Among the entries below, extract exactly the lines that run from the one with "Medical-grade peel application" through the one with "Как и сколько", both ends included.

★ ★ ★ ★ ★ ★ ★

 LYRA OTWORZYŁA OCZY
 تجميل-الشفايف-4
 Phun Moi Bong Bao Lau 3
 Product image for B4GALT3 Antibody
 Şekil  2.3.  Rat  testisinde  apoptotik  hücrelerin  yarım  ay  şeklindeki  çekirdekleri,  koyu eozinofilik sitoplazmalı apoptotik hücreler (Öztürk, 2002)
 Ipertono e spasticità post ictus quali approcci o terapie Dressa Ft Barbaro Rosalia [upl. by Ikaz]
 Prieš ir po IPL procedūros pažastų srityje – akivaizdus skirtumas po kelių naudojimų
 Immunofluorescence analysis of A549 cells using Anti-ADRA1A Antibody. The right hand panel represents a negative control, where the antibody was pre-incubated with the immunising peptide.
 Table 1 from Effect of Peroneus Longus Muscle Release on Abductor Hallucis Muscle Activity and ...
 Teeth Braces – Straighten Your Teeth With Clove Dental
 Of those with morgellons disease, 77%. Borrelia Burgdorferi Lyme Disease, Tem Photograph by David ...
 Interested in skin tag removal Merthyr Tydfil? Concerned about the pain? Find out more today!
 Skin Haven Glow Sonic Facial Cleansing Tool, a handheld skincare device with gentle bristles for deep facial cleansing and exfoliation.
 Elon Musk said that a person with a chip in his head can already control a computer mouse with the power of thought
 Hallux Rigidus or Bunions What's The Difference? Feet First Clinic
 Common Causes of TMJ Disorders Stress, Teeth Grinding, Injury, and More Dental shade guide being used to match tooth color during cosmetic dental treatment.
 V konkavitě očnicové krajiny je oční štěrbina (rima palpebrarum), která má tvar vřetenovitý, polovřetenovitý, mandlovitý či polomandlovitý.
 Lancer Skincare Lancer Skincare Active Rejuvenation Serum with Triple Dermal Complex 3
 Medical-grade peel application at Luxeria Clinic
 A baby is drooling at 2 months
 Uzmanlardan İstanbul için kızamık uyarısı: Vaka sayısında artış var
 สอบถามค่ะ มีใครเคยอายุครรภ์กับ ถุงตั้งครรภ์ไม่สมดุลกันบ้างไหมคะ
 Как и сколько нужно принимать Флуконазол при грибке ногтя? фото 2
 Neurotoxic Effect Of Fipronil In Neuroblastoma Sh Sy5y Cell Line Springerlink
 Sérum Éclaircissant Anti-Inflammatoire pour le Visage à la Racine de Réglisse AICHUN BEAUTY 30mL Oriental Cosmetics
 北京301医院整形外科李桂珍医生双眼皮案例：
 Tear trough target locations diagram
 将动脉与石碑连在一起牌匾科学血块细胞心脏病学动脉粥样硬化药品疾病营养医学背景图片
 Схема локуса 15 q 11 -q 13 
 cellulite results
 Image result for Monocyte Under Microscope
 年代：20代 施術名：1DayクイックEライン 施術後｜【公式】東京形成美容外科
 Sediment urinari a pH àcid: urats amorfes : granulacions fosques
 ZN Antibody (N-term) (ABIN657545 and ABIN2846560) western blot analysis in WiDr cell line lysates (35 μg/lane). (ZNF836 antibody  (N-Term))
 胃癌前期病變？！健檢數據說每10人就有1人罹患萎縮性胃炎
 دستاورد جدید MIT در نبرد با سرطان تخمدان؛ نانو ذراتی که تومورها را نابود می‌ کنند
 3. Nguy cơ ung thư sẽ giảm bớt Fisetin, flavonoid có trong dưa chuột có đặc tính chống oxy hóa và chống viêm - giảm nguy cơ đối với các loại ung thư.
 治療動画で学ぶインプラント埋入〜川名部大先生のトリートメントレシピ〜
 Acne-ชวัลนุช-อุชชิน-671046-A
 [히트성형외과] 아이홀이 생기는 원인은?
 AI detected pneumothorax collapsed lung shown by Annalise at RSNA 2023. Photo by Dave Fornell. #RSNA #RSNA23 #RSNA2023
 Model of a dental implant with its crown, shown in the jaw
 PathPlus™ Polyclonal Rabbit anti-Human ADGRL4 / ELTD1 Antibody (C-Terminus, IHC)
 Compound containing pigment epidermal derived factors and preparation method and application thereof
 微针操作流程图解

★ ★ ★ ★ ★ ★ ★

Output for this exercise:
 Medical-grade peel application at Luxeria Clinic
 A baby is drooling at 2 months
 Uzmanlardan İstanbul için kızamık uyarısı: Vaka sayısında artış var
 สอบถามค่ะ มีใครเคยอายุครรภ์กับ ถุงตั้งครรภ์ไม่สมดุลกันบ้างไหมคะ
 Как и сколько нужно принимать Флуконазол при грибке ногтя? фото 2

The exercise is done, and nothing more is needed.